Any person who secures an insurance policy on his or her own life may designate anyone as beneficiary whether he is male, female, lesbian, gay, bisexual, transgender or queer (LGBTQ+).
This was the legal opinion of Insurance Commissioner Dennis Funa, who reminded insurance firms that their unwritten policy of refusing to register nonrelatives as beneficiaries of the insured may be deemed illegal.
“Insofar as the Amended lnsurance Code is concerned, there are no restrictions as to who may be designated as beneficiary in a life insurance policy,” Funa said in Legal Opinion No. 2020-2 issued on March 4.
Guidelines sought
Funa issued the opinion in response to law professor E. Leo D. Battad, program director of University of the Philippines College of Law Gender Law and Policy, who asked for guidelines on the right of LGBTQ+ members to designate their domestic partners as the beneficiaries of their life insurance policies.
“The IC affirms your position that the insured who secures a life insurance policy on his or her own life may designate any individual as beneficiary, subject only to the exceptions provided in Article 2012 in relation to Article 739 of the Civil Code,” Funa told Battad.
Nullified donations
Article 2012 states “Any person who is forbidden from receiving any donation under Article 739 cannot be named beneficiary of a life insurance policy by the person who cannot make any donation to him, according to said article.”

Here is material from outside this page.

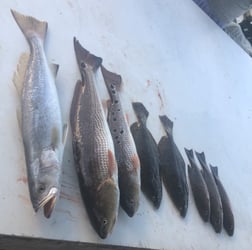 Flounder, Redfish fishing in Pensacola, Florida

Article 739 nullified donations made between persons who were guilty of adultery or concubinage at the time of the donation, between persons found guilty of the same crime and those made to public officers or his wife, descendants and ascendants, by reason of his office.

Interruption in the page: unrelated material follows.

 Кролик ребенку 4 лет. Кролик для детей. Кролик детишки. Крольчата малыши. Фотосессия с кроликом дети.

Funa cited that the Amended Insurance Code provided that “the insured shall have the right to change the beneficiary he designated in the policy, unless he has expressly waived this right in said policy.”
The Insurance Commission earlier acknowledged that members of the LGBTQ+ community had been unable to designate their partners as beneficiaries because insurance companies claim that a beneficiary must have an “insurable interest” in the life of the insured.
Apparent confusion
But Funa said “there appears to be an apparent confusion in the application of the concept of ‘insurable interest’ on the designation of beneficiary in a life insurance policy.”

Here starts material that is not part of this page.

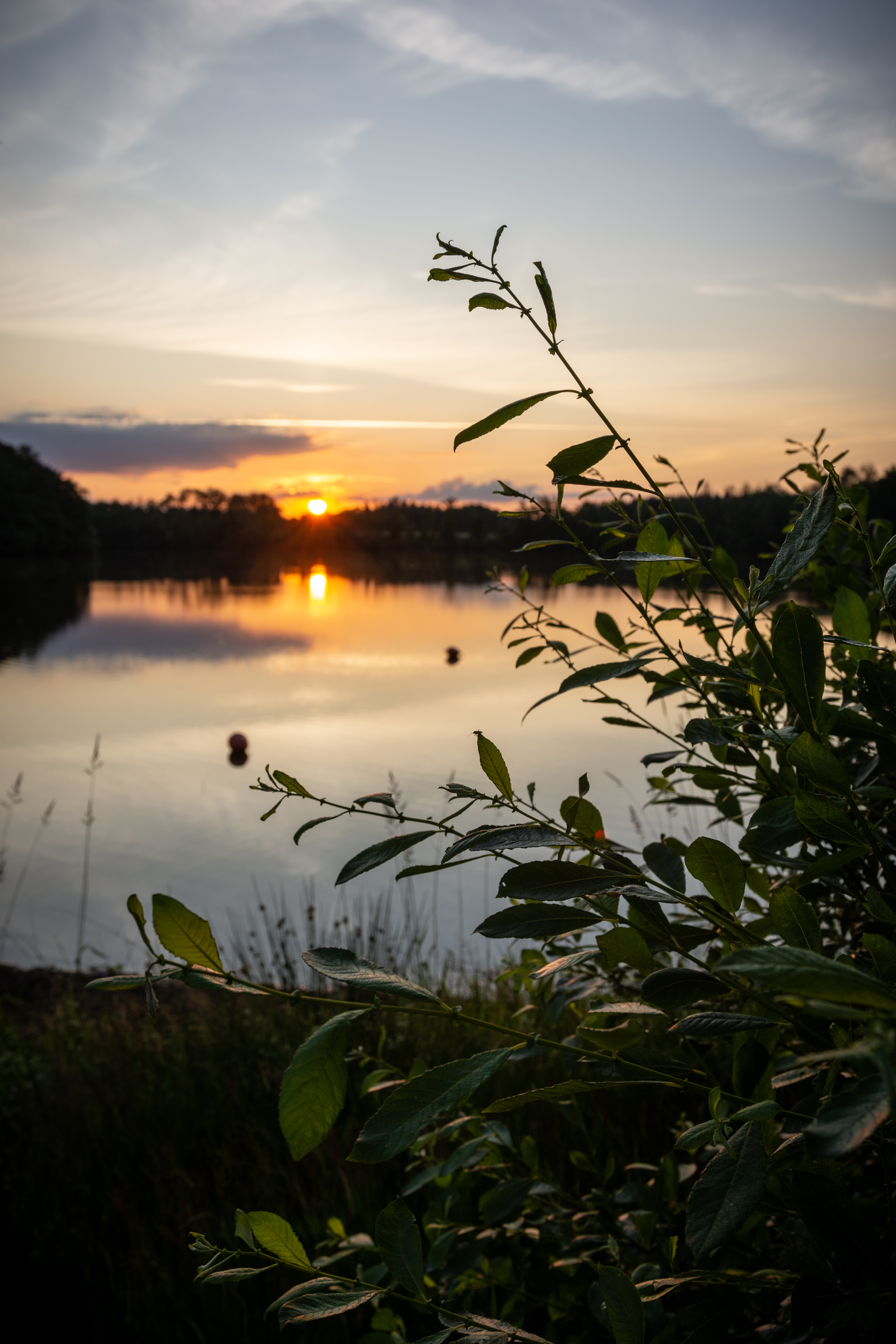Etang de la Ramade - photo 2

“Unlike in the case of property insurance, where the beneficiary must have an insurable interest in the property insured, there is no equivalent provision in the case of life insurance,” Funa explained.
“[As far] as life insurance is concerned, it suffices that the person securing the life insurance policy has an insurable interest in the life being insured. And in cases where the insured secures a life insurance policy on his or her own life, it is immaterial whether the individual designated as beneficiary has an insurable interest in the life of the insured,” the commissioner said.